• **WORK REQUEST**
Locate the line containing "Rubber mat tranenplaatmotief" in the material below. Copy that line and all following lines through the end exactly, omitting any pictures.

• **DATA PROVIDED**
::::::::
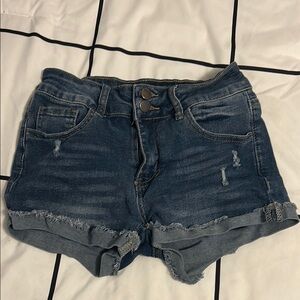 SHEIN Blue Jean Shorts with Frayed Hem and Distressing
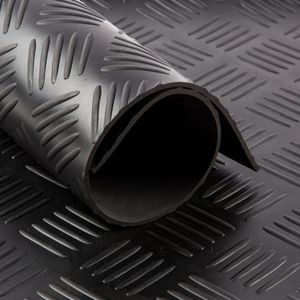 Rubber mat tranenplaatmotief | Rubber loper | 2 x 1,2 meter | Dikte: 3mm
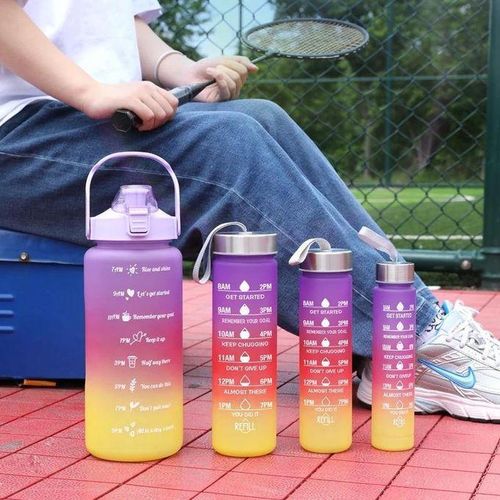 4 Pcs In 1 2L Direct Drinking Plastic Sport Fitness Motivational Water Bottles Black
::::::::
• **RESULT OF THE EXERCISE**
 Rubber mat tranenplaatmotief | Rubber loper | 2 x 1,2 meter | Dikte: 3mm
 4 Pcs In 1 2L Direct Drinking Plastic Sport Fitness Motivational Water Bottles Black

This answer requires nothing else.